Our own study did not include GNRI, because only two patients had abnormally low serum albumin. Imaging-based body composition data were not available in our database. Although not statistically significant, lower BMI was associated with shorter survival. There was however an interaction with serum hemoglobin, which was significantly lower in patients with lower BMI. Given that serum hemoglobin was a strong prognostic factor for survival, the impact of BMI remained non-significant in all our analyses. In essence, all five docetaxel studies had a variable extent of available baseline parameters, and eventually different multivariate prognostic model outcomes.
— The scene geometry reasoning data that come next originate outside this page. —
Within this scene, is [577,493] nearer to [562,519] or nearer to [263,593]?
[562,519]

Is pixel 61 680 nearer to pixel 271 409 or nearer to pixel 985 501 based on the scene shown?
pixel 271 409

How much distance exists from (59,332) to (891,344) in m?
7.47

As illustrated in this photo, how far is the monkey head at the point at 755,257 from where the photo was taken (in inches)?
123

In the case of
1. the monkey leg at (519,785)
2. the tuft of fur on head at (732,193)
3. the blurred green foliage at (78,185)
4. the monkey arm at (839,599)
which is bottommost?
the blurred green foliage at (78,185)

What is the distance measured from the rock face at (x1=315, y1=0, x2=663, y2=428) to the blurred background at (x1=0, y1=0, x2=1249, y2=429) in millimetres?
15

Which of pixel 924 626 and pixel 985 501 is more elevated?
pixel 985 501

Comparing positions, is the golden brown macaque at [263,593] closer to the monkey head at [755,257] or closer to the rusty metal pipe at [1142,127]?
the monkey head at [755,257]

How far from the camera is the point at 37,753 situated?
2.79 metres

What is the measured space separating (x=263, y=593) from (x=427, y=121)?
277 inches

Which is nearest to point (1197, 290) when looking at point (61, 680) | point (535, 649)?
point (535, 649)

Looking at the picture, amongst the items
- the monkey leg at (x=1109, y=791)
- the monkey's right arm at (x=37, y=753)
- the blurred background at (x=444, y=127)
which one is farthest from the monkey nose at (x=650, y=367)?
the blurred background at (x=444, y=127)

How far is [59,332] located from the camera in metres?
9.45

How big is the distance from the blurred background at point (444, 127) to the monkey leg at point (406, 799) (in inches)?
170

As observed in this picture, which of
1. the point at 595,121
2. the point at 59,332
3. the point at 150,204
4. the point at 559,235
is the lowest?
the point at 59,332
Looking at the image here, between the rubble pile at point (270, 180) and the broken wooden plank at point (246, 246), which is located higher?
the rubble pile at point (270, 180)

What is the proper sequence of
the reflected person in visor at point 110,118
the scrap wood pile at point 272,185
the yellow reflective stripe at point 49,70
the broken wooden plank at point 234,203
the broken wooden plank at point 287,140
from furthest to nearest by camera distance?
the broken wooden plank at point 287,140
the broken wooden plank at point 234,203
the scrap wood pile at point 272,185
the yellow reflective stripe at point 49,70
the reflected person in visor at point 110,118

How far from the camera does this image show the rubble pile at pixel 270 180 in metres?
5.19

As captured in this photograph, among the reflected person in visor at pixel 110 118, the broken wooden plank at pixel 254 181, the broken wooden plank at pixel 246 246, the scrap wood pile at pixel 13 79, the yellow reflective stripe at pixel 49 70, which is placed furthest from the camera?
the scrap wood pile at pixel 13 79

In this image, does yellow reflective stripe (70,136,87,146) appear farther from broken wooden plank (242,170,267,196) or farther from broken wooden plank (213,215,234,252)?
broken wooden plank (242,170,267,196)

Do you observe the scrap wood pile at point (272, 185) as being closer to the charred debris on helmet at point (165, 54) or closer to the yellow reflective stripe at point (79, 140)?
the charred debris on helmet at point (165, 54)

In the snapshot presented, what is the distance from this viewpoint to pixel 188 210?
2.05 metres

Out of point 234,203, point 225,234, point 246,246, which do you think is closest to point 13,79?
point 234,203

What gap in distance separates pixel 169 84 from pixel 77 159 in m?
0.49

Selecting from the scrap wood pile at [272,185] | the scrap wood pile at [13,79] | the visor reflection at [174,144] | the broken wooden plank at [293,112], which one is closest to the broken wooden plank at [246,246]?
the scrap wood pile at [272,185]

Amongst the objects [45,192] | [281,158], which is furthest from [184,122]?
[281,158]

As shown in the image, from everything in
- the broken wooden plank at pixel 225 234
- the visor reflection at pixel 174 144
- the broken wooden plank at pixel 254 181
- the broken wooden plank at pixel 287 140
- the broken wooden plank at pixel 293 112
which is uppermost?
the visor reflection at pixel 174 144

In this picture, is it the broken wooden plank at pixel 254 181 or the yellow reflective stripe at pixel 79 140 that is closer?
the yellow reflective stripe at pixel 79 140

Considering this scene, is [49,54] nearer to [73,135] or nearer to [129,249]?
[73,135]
In addition to the study’s size and its retrospective design, limitations of the present work include the lack of information on patient-reported factors such as nausea, appetite, and recent weight loss, which may also predict a shorter survival. It would be interesting to stratify a larger patient population into different categories of low BMI, such as cancer-related, comorbidity-related, and genuine body composition. Strengths of our study include the homogeneous population (Caucasian men with MCRPC receiving first-line therapy), availability of comorbidity and medication data, and complete blood test information. Interestingly, we found no statistically significant impact of comorbidity and medications on survival. BMI did not significantly correlate with the presence of visceral metastases, i.e., more aggressive disease. Analyses of other efficacy endpoints or chemotherapy toxicity were not performed.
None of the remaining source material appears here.